By Stuart Facey, VP EMEA, Bomgar.
Manufacturing is going through a technological resurgence that is transforming the modern factory. Today we are seeing data-driven factories, with an unstoppable integration of connected systems and devices.
Gartner predicts that 25 billion Internet-connected things will be in operation by 2020 with close to $2 trillion of economic benefit globally, and the advantages of Industrial Control Systems (ICS) and Supervisory Control and Data Acquisition (SCADA) systems being integrated into the IoT is proving its potential in improving efficiencies, innovation and profitability.
However, at the same time this increased connectivity is also opening up entry routes for cyber criminals, leaving manufacturers open and vulnerable to a multitude of exploits and unauthorised access attempts. This is yet further complicated by the increasingly complex network of third parties across the supply chain that are employed to manage many aspects of their operations, with some having several hundreds of external parties accessing their systems in a typical week, according to Bomgar's 2017 Secure Access Threat Report. In addition, more than half of the respondents of the report said they had sole responsibility for managing third party access into their infrastructure, and one in five admit to offering three or more access routes to their vendors, making an already big job even more challenging.
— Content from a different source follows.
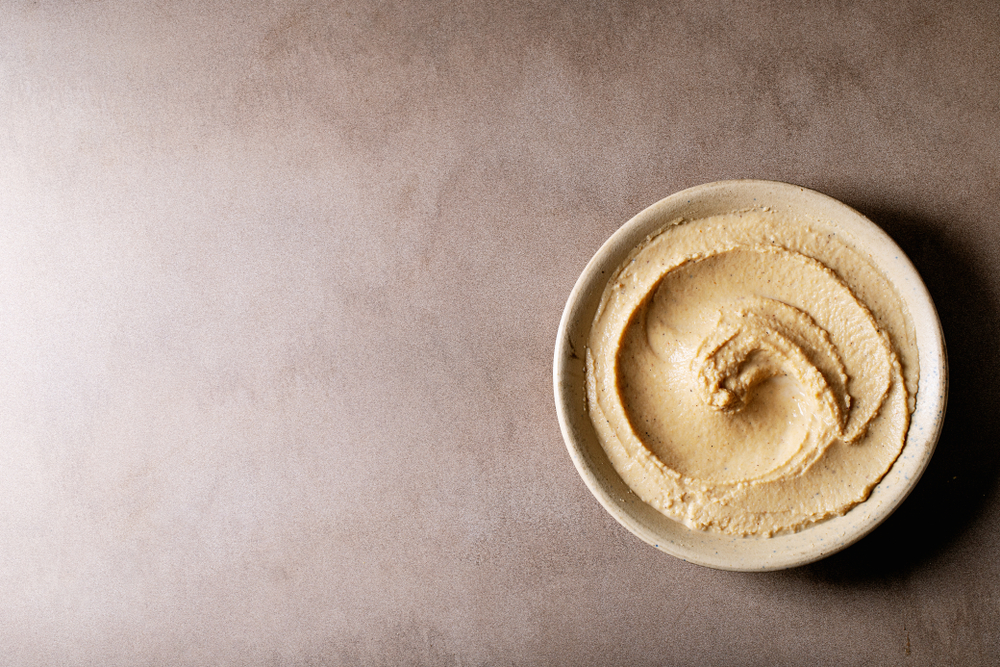Easy Homemade Hummus | HarassedMom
IBM's 2016 security intelligence survey revealed that manufacturing is now one of the most frequently attacked industries, second only to healthcare. In addition to the increased risk of attack via third parties, Bomgar's report also revealed that insiders, such as employees or contractors, also pose a significant threat to security. The survey found that 67 percent of IT professionals believe an insider data breach is the primary security threat for them, and a further 73 percent were also concerned that they could lose sensitive company information within the next 12 months.
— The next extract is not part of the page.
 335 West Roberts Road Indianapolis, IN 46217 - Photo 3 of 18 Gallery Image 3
The race to connect devices and transform processes and procedures offers many competitive advantages to manufacturing organisations, however the security stance should not be compromised and must therefore be incorporated in projects from the outset. The detrimental impact a breach could have on the public as well as an organisations' reputation, far outweighs the benefits that can be achieved.
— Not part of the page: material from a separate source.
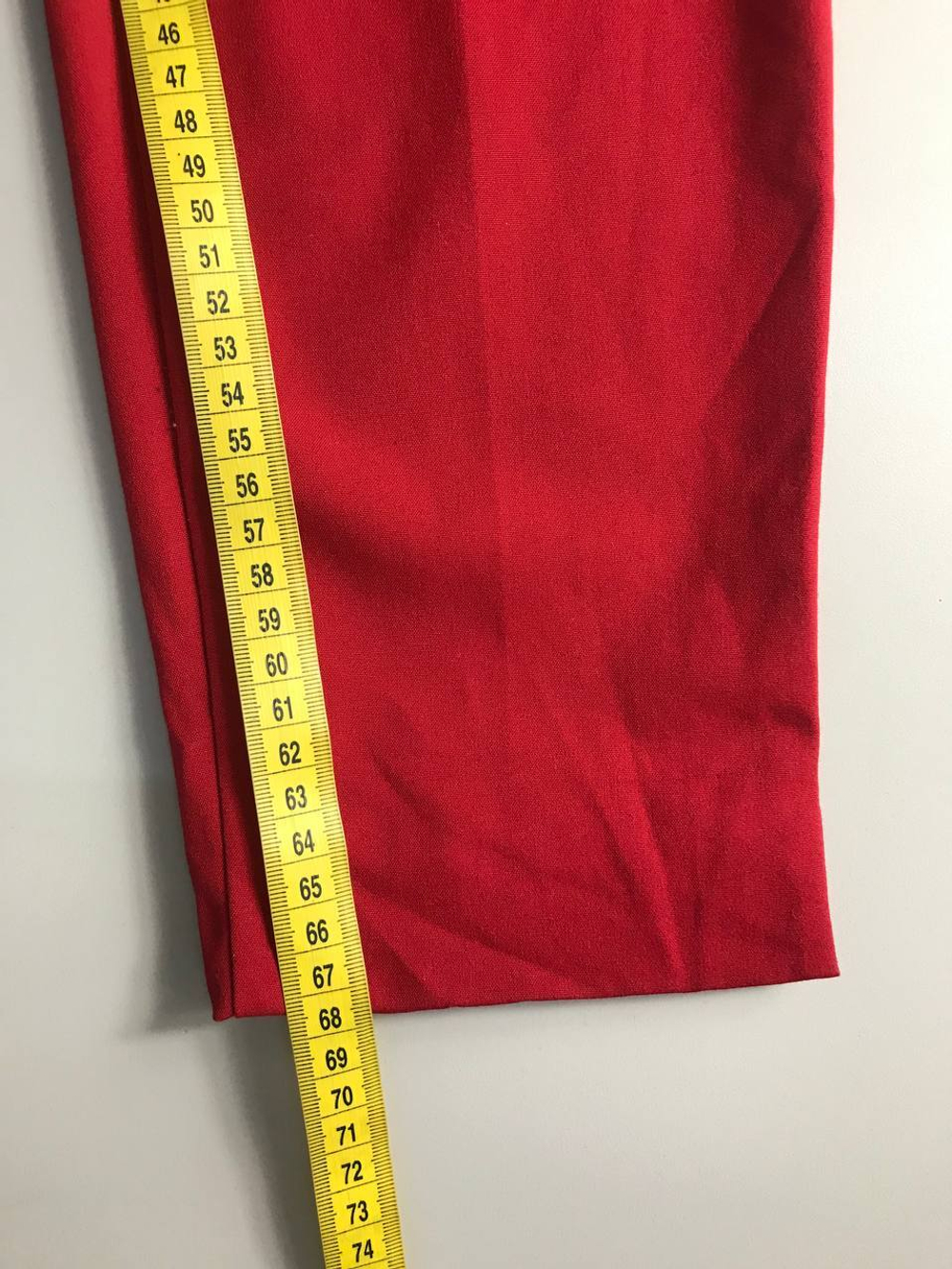 Брюки Zara яркого цвета, маркировка 34, визуально 40 размер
It only takes one employee or one third party to leave an organisation vulnerable, and with the continuation of high-profile data breaches, many of which are caused by compromised privileged access and credentials, it's crucial that organisations control, manage, and monitor all access to their environments to mitigate this risk.
Adding to this pressure, all manufacturers are under immense pressure to have effective security and breach response capabilities in place ahead of the 2018 EU General Data Protection Regulation (GDPR) deadline. The EU GDPR brings consistency to the current data protection laws across EU member states and provides guidance on how any EU citizen data should be stored as well as how companies must respond in the event of a data breach. In the short term it is key to minimise some of the more common security weak points such as password sharing and poor employee on and off-boarding strategies to support ongoing GDPR initiatives.
Security must therefore be built into the ethos of any organisation and its projects, where workforce training, regular security assessments and specific policies and procedures are included and understood by the whole organisation.
With the variety of hacking strategies combined with the integration of modern solutions such as the IoT and complex interconnected networks of suppliers, it is paramount that controls are put in place to manage and audit all access to both complex systems such as server based environments, but also to less complex devices such as routers and switches, including all insider and third-party access.
There are a few core steps the industry can take to securely manage access:
- First, verify that employees and third-party vendors are who they say they are when requesting access to the network. Once confirmed, centrally manage all privileged accounts using an enterprise password vault so that passwords do not need to be in the public domain, written down, shared or stored in multiple places and systems.
- Next, implement an access solution where credential injection functionality is available so that passwords cannot be accessed or seen by the user but ensure they can still gain secure, instant access to the systems they need. Using a privileged access or privileged session tool also enables organisations to granularly control where users can go, what they can access and when.
- Finally, ensure that all access is audited and recorded. If a breach does occur, it will support the traceability to an entry-point and provide a record as to what may have been compromised. With GDPR regulations requiring organisations to quickly notify the relevant regulator if they have been impacted by a data breach, solutions that support these features will be a must have.
Manufacturers need to encourage the integration of multiple best-in-breed tools together with privileged session and privileged access management solutions as part of a robust security eco-system. These include detection tools, SIEM solutions, network segmentation and employee awareness initiatives to ensure they protect themselves from attacks through their connected devices whilst maximising the benefits available.
By implementing secure remote access, architecture and controls, manufacturers can prevent breaches and protect their corporate and reputational damage, ensuring innovation can prosper and regulations met.